Elvis Presley always said that one of his strongest influences was a certain lady who specialized in gospel music (which he loved), and the King sometimes even joined her in duets in the early years. In fact, Martha Carson eventually tried her hand at pop music too and had some impact on rock and roll, but is now mostly remembered for her spiritual side.
Born in rural Kentucky as Irene Amburgey, she was still in her teens in the late 1930s when she joined the cast of radio’s popular Barn Dance program at WSB in Atlanta. Her sisters were part of the act too, and the three were given the cornpone stage names Minnie, Marthie, and Mattie. After marrying musician James Carson and teaming up with him as part of a duo called the Barn Dance Sweethearts, Marthie (Irene) pretty much became known as Martha Carson from that point on — even after she later divorced him.
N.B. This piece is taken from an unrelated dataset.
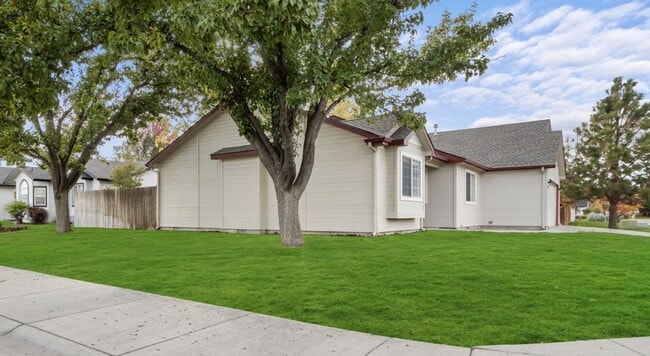 Photo - 1443 W Balboa St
But that wasn’t until 1950, and by then a lot had happened. The couple had continued to entertain throughout the 1940s and had even cut some records, but by the end of the decade Martha was ready to go solo in more ways than one. Unfortunately, Capitol Records was not willing to let her make new records unless she teamed up with a male singer to replace her ex-husband. Thankfully, Nashville-based music business pro Fred Rose stepped in and helped her get a chance, and she soon followed with a record of a song she’d written and titled “Satisfied,” a gospel piece that answered critics of her divorce. The song included backup by her sister Pearl and Chet Atkins on guitar, and gradually built in popularity until it became her top seller.
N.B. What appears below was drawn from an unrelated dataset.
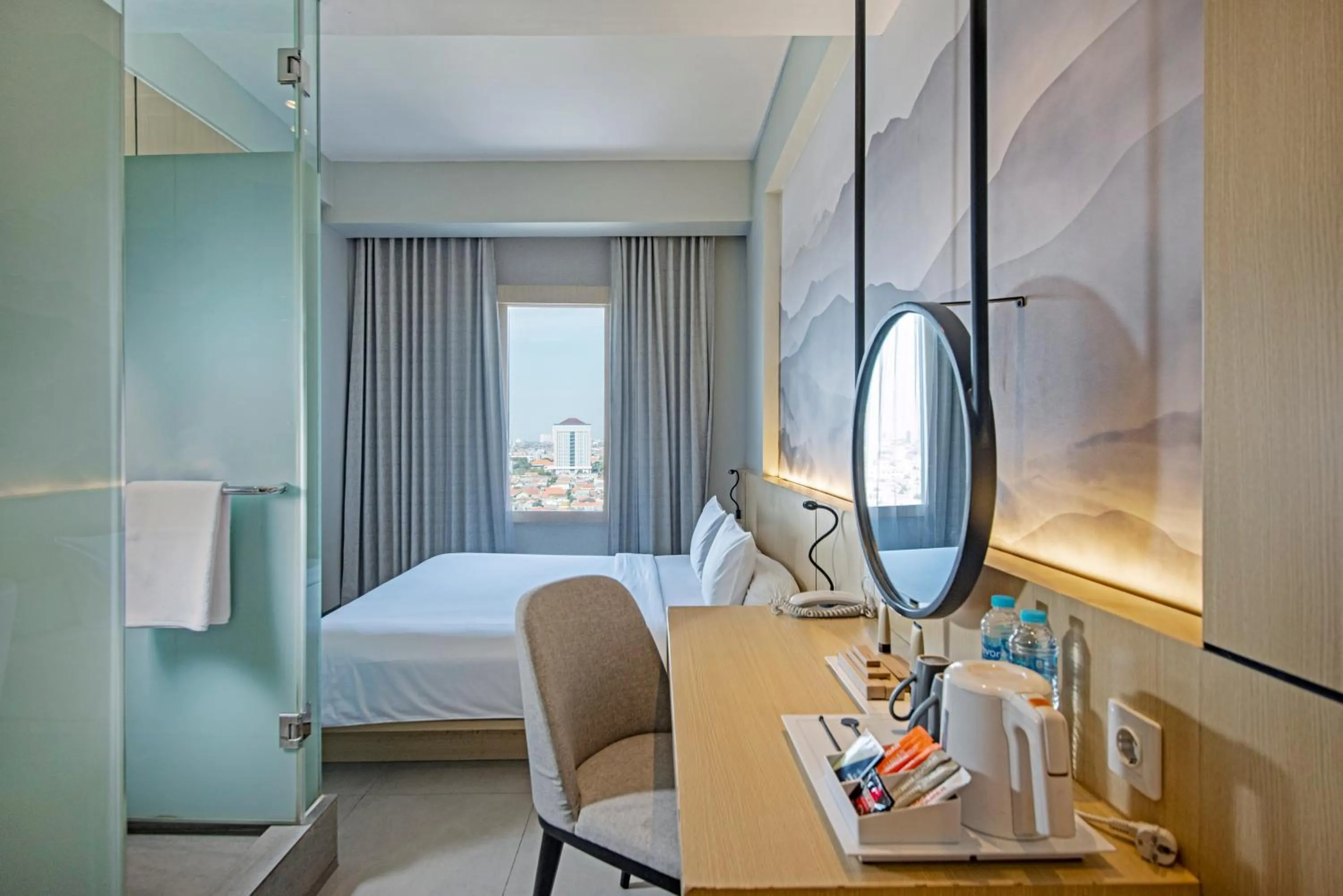 Bedroom, Bed in HARRIS Hotel & Conventions Gubeng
During the 1950s she continued to do well, turning out a number of good records and working alongside guys like Ferlin Husky and, of course, Elvis Presley. She also remarried, hitching up with a promoter named Xavier Cosse who soon moved her to a better deal with RCA, and she followed with successful records like “Journey to the Sky,” and “This Ole House.” They also relocated to New York and she was able to make appearances on a number of TV variety shows before her career began to gradually wind down. Although she returned to Nashville and continued to entertain for the next couple of decades, she was pretty much retired by the 1980s. She died at age 83 in 2004.